ROMAN
Rivages
8 août 2013. Detroit. Les dernières tours de la cité du Brewster Project vont être démolies, ultime chapitre d’une longue agonie de la « Motor City » à partir des années 60. Jadis vitrine de l’industrie automobile toute puissante, la ville de Detroit a pris de plein fouet la crise économique de 2008, précipitant sa chute définitive et la laissant sous perfusion financière. C’est dans cette ville en lambeaux que nous emmène Judith Perrignon à l’occasion de son dernier roman.
Dans le quartier du Brewster Project, un cadavre a été retrouvé une balle dans la tête. L’enquête est menée par deux policiers, Ira, approchant de la retraite, enfant du quartier, et Sarah, plus jeune, née elle aussi à Detroit.
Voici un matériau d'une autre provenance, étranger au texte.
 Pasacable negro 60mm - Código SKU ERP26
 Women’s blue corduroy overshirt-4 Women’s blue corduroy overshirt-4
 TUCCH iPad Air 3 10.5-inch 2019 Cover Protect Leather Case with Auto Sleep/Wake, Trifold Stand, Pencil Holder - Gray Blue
Judith Perrignon brosse un portrait lucide et sans concessions, souvent sombre, de la cité américaine déchue. Là où nous dansions est le résultat d’un minutieux travail d’enquête, l’autrice fouillant le passé de Detroit pour en déterrer les fantômes. Sous la terre repose l’ancien quartier de Hastings Street, qui accueillit les populations juives d’Europe de l’Est durant la première guerre mondiale, avant de devenir l’épicentre de la culture afro-américaine à partir des années 30. « Rouler vers Detroit, c’est aller vers l’obscurité », peut-on lire dans le roman. Mais certains n’ont de cesse de vouloir faire la lumière sur cette ville jadis glorieuse.
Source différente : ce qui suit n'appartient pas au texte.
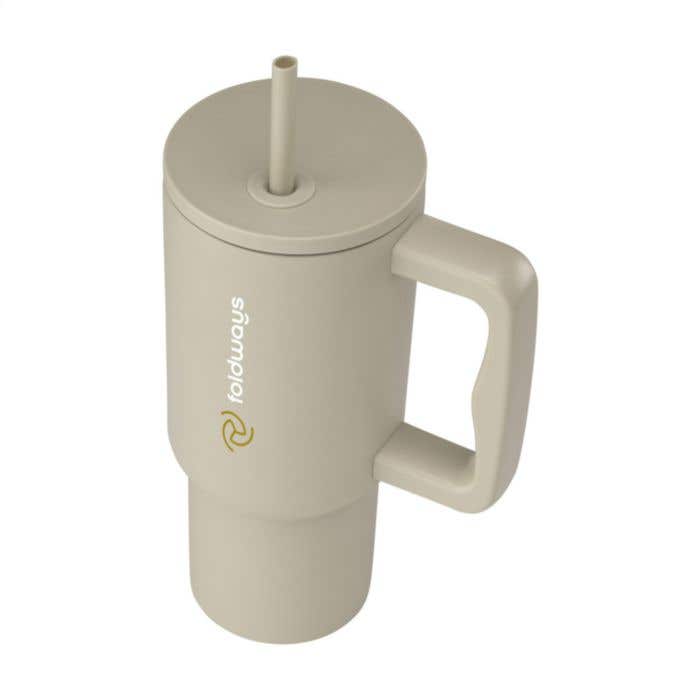 Drinkbeker Rhino | RVS | 900 ml | Dubbelwandig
Detroit est-elle vraiment, comme le pense Ira, « un roman américain démodé » ? Plutôt un mythe, voire une mystification, lorsque l’on considère les destins de tous ces travailleurs afro-américains réunis dans les immeubles sociaux du Brewster Project. Judith Perrignon dépeint Detroit comme la cité de la fin des rêves et des idéaux, où le capitalisme s’assoit sur les droits sociaux et les syndicats. Le Brewster Project en est la parfaite illustration, miné par la criminalité et la drogue, connaissant une lente décrépitude à partir des années 60, « le début du vide ». Pour ne pas sombrer définitivement, il y a la musique qui irrigue tout le roman, de la soul façon Tamla Motown, au rock des années 90 qui se joue dans les caves, le blues de John Lee Hooker, le jazz, jusqu’à la techno du XXIe siècle. La musique, ascenseur social pour des filles du quartier comme The Supremes, un lien social aussi, ou simplement le moyen de « se sentir vivre ». La culture essentielle, n’en déplaise à ceux qui nous gouvernent.
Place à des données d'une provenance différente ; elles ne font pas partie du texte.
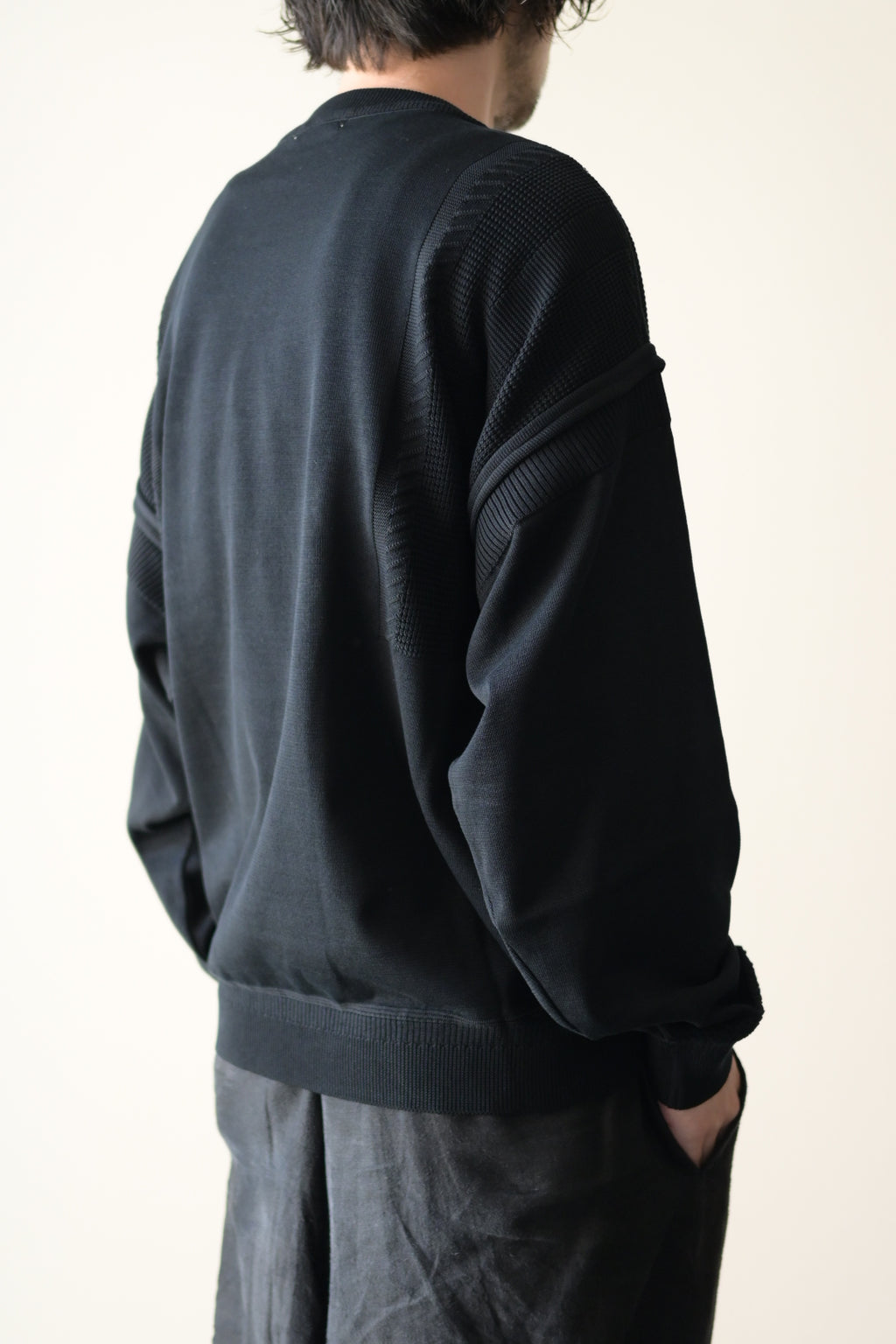 YASHIKI - Akiyo Knit [BLACK]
C’est le rock et son engeance, spontané, a priori rien de cérébral, rien à expliquer, juste une charge physique, le sentiment de faire du bruit, l’intuition forte d’appartenir à quelque chose de plus grand que soi ».
D’une écriture précise, mais qui n’oublie pas de laisser dans son sillage de belles traînées poétiques, Judith Perrignon reflète également cet aspect fascinant des grandes villes américaines, ambivalentes à l’image de Detroit, « machine folle, huilée, qui tourne sans arrêt… ». En 2013 Detroit est néanmoins une ville qui s’efface, une partie de sa population paraissant tout aussi invisible, « comme si les gens d’ici ne comptaient pas, n’existaient pas », fait remarquer Ira. Aujourd’hui, on reconstruit dans le centre-ville. On redonne vie à des quartiers jadis désertés par la population blanche, en y édifiant des appartements luxueux pour les encourager à revenir. La roue tourne, mais on se demande déjà quand le prochain effondrement aura lieu. C’est tout l’intérêt du roman de Judith Perrignon, de remettre de l’humain dans cette tragédie américaine. Redonner la parole aux disparus, celles et ceux à qui on ne l’a jamais donnée, à l’instar de Sarah qui met un point d’honneur à retrouver l’identité de ce « Frat Boy » assassiné. Et puis après tout, il nous est toujours permis d’espérer. Des jardins potagers poussent parfois sous les ruines d’une station-service… Judith Perrignon est Française, mais elle vient sans doute d’écrire ici son grand roman américain.